■ WORK ITEM ■
Locate "Euphonium Player Brass" in the records below, then copy its line and every following line exactly, without the pictures.

■ Records from a dataset ■
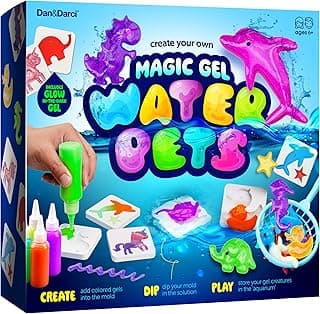Dan&Darci Aqua Fairy Water Gel Kit for Kids - Craft for Kids - Magic Elf Toy Kits - Waters Pets - DIY Squishy Maker - Make Your Own Squishies Toys Crafts for Boys & Girls Ages 6-12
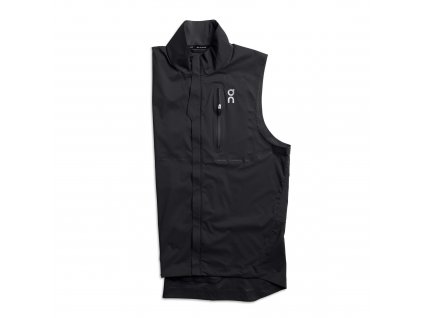 Pánská vesta ON Running Weather-Vest Black (Velikost XL)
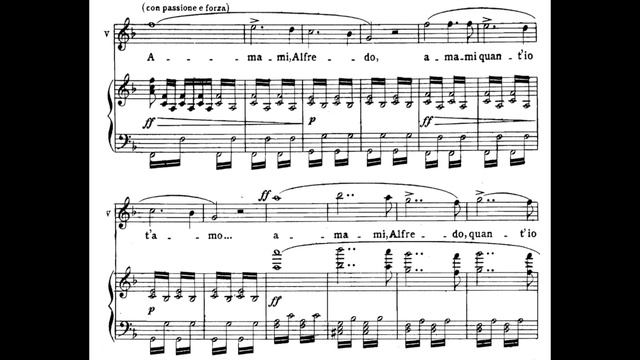 Maria Callas Giuseppe di Stefano La Traviata full opera (1952 live, WITH SCORE)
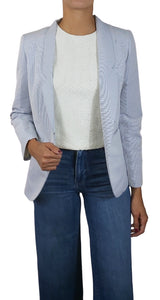 Blazer Azul A Rayas
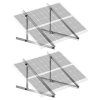 Montážne držiaky solárnych panelov 2 sady 45-inch 0–90° 100–400W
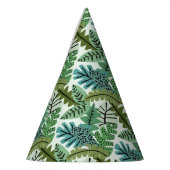 Einfaches Niedliches Jungle Safari Leaf Partyhütchen (Links)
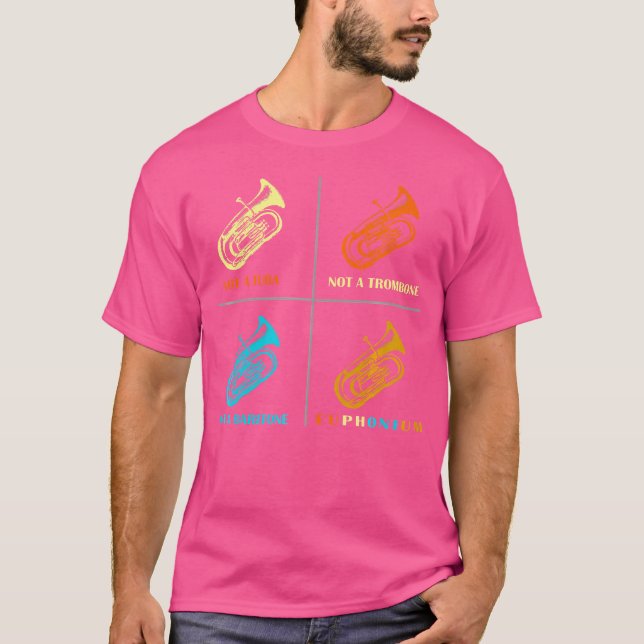 Euphonium Player Brass Orchestra T-Shirt (Front)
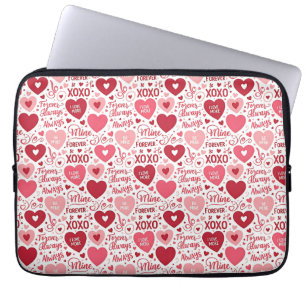 XOXO & Always Be Mine Rosa Rot Laptopschutzhülle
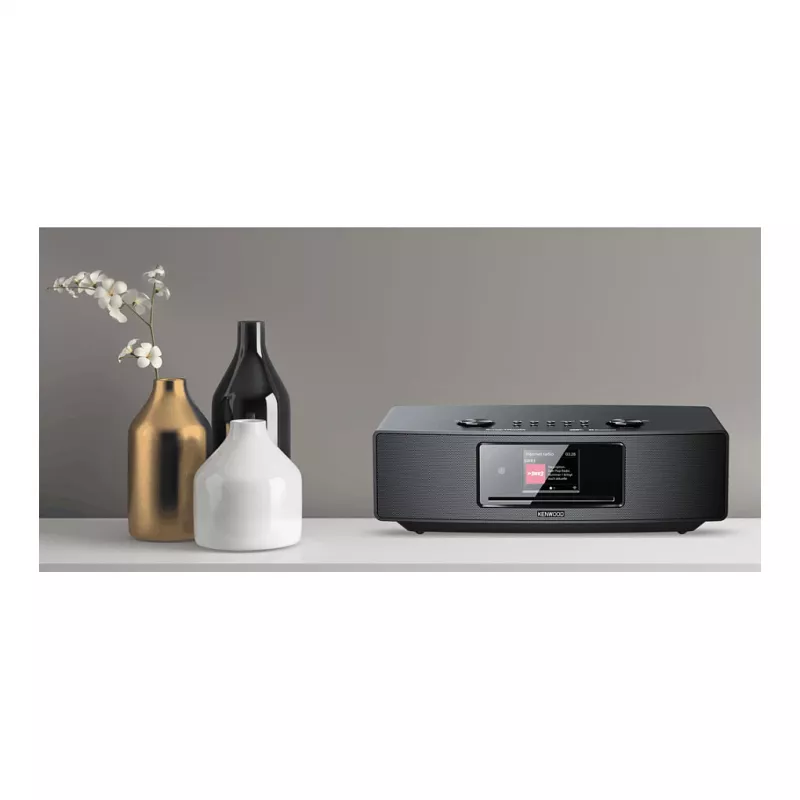 JVC Kenwood Electronics CR-ST700SCD-B – Internetinis radijo imtuvas, DAB+, FM, 43 W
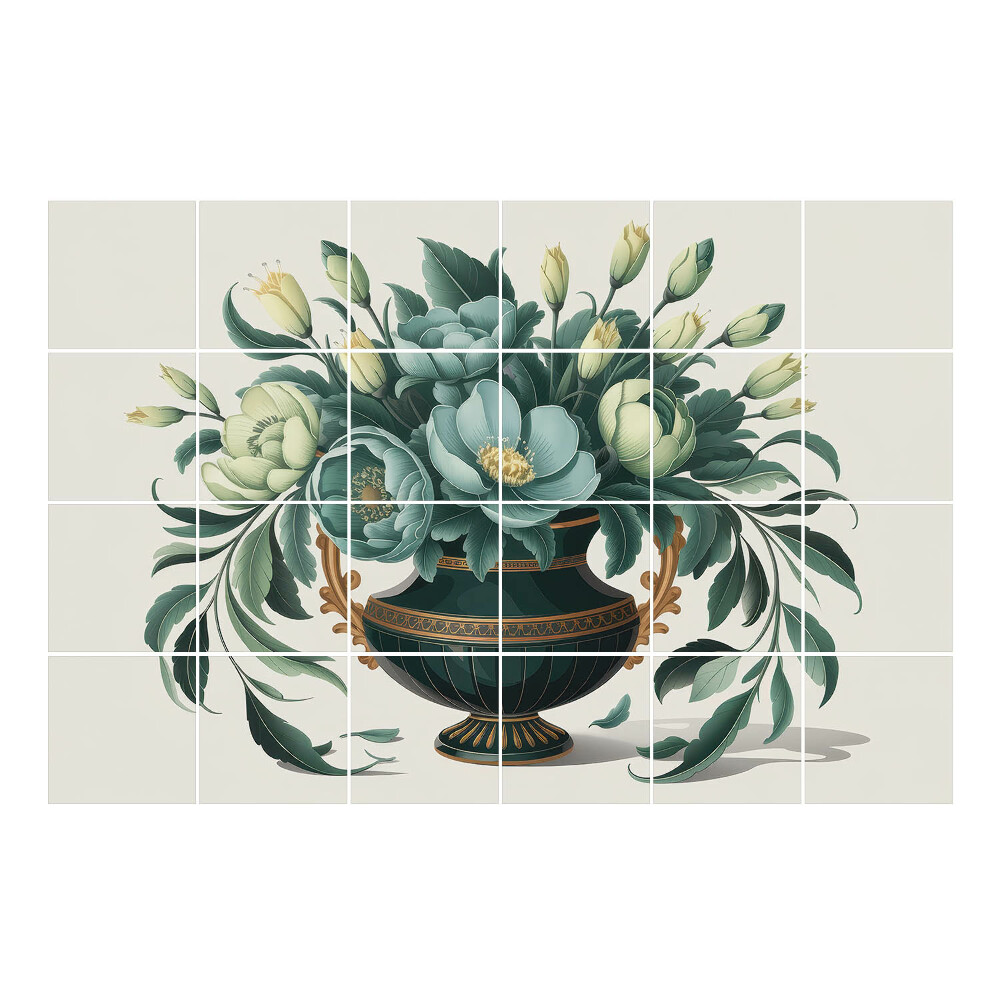 Autocolante pentru gresie Compoziție elegantă de plante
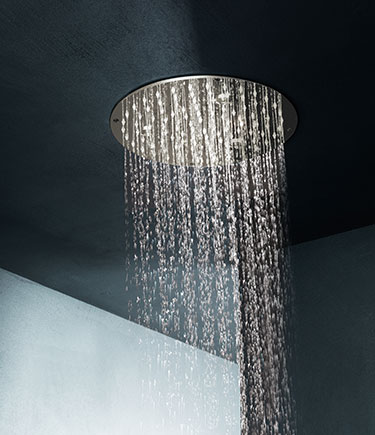 Studio Nickel Rainfall Shower Head (75UN)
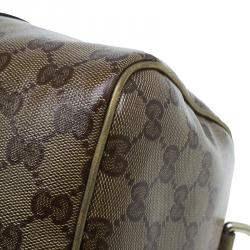 Pre Owned حقيبة غوتشي جوي بوسطن كانفاس كريستال GG مقوى متوسطة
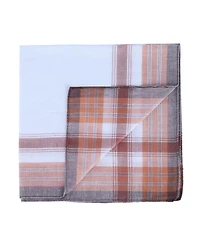 Trafalgar Checked Cotton Handkerchiefs (3 Pack)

■ WRITTEN REPLY ■
 Euphonium Player Brass Orchestra T-Shirt (Front)
 XOXO & Always Be Mine Rosa Rot Laptopschutzhülle
 JVC Kenwood Electronics CR-ST700SCD-B – Internetinis radijo imtuvas, DAB+, FM, 43 W
 Autocolante pentru gresie Compoziție elegantă de plante
 Studio Nickel Rainfall Shower Head (75UN)
 Pre Owned حقيبة غوتشي جوي بوسطن كانفاس كريستال GG مقوى متوسطة
 Trafalgar Checked Cotton Handkerchiefs (3 Pack)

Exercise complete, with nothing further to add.